* _TASK TO COMPLETE_
Restate the listing below word for word, pictures excluded.

* _INFORMATION SUPPLIED_
------------------------------------------------
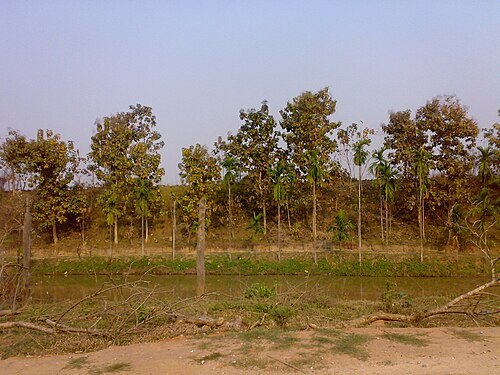 Garchuk Lachit Garh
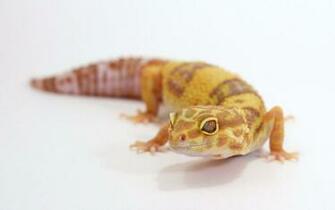Leopard Gecko Wallpaper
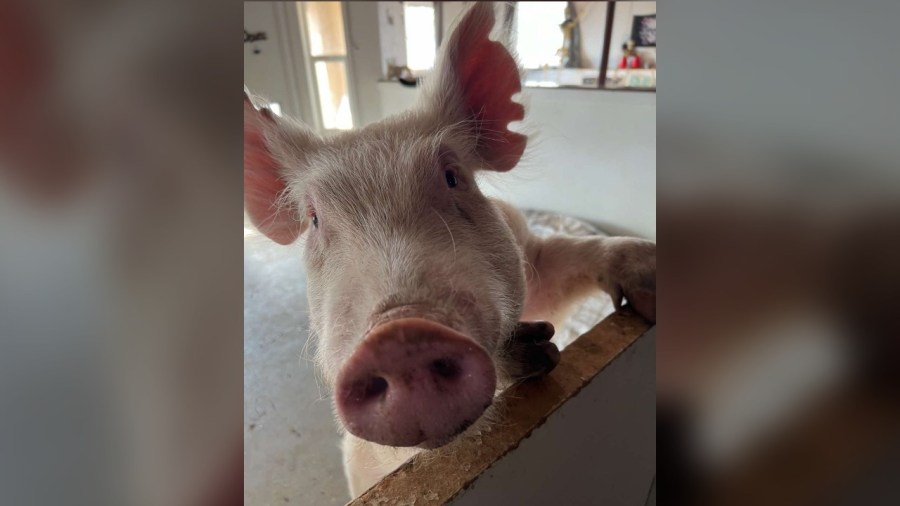 Hudson farm animal rescue has been without water for 3 days after well issues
------------------------------------------------
* _RESPONSE TO THIS TASK_
 Garchuk Lachit Garh
Leopard Gecko Wallpaper
 Hudson farm animal rescue has been without water for 3 days after well issues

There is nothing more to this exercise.